Ferro, Roberto. Onetti/ La fundación imaginada: la parodia del autor en la saga de Santa María. Buenos Aires, Corregidor, 2011.

Ludmer, Josefina. “Contar el cuento” en  Juan Carlos Onetti, Hugo Verani (Ed). Madrid, Taurus, 1987.

 

 

 

 

 

 

 

 

 

 

 

 

 

 

 

 

 

 

 

 

 

 

 

 

 

 

 

 

 



[1] Derrida, Jacques. Posiciones, p. 27.

[2] Derrida, Jacques. La escritura y la diferencia, pp. 394, 384, 395.

[3] De este fragmento y acerca de la construcción del significado por parte del lector, Ferro observa que “estas apelaciones a la lectura parecen apuntar al momento en el que su escritura alcance autonomía y el sentido quede fuera de su control. En esta novela comienza una reflexión en torno a la instancia en la que la obra, en tanto que manifestación de la individualidad de su autor es remitida a lo efímero; la entidad de la escritura se constituye por la significación que otro le concede. Este modo de producir sentido, subraya la extraordinaria precariedad de la relación entre texto y autor, hasta el punto que, desde esta perspectiva, la mediación del otro, del lector, es constitutiva de su especificidad. P.119.

[4] Ferro, Roberto. Onetti/ La fundación imaginada: la parodia del autor en la saga de Santa María., 87.

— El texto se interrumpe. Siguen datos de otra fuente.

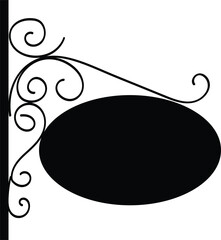 Ornate Black Hanging Oval Sign Silhouette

[5] Derrida, Jacques. La Différance, p. 56

[6] Ibíd., P. 69

[7] Derrida, Jacques, Posiciones, p.21.

[8] En este sentido, Ludmer (1987)  señala que “en el corpus Onetti la ‘gestación’ (la escritura) está narrada en primera persona; es un proceso que el primer pronombre se narra: un desarrollo reflexivo”. P. 182.

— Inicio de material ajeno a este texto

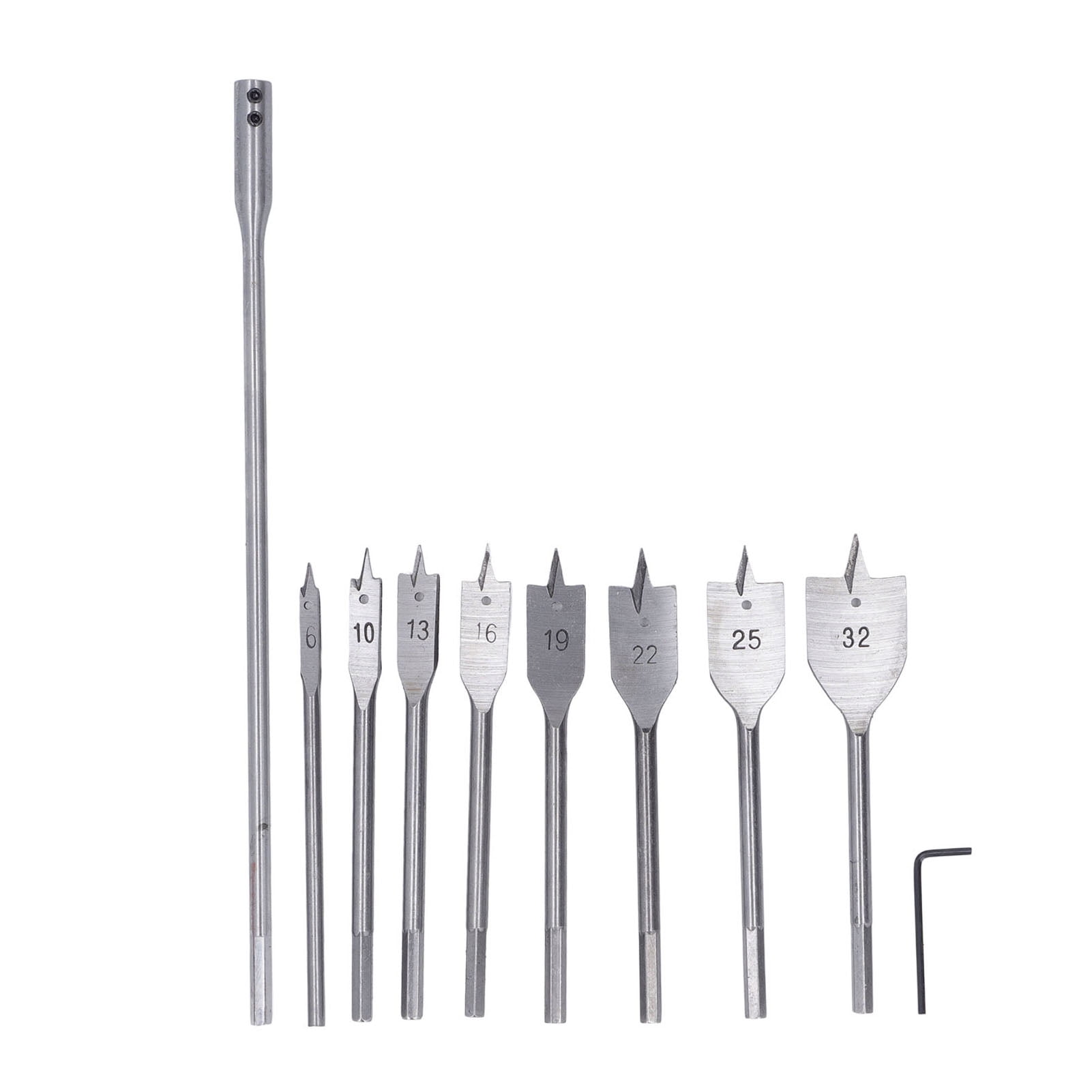 10Pcs Wood Drill Bit Set High Carbon Steel 8 Sizes 1 4in Shank Spade Drill Bits for Woodworking Walmart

[9] “El pozo, recipiente de tantos residuos románticos, niega la ‘expresión’ como modo de producción de sentido”. Ferro, Roberto. Onetti/ La fundación imaginada: la parodia del autor en la saga de Santa María., p. 143.

[10]Ibíd., p. 64.

[11] Ibíd., p 133, 137.

[12] Derrida, Jacques. El monolingüismo del otro, p. 39.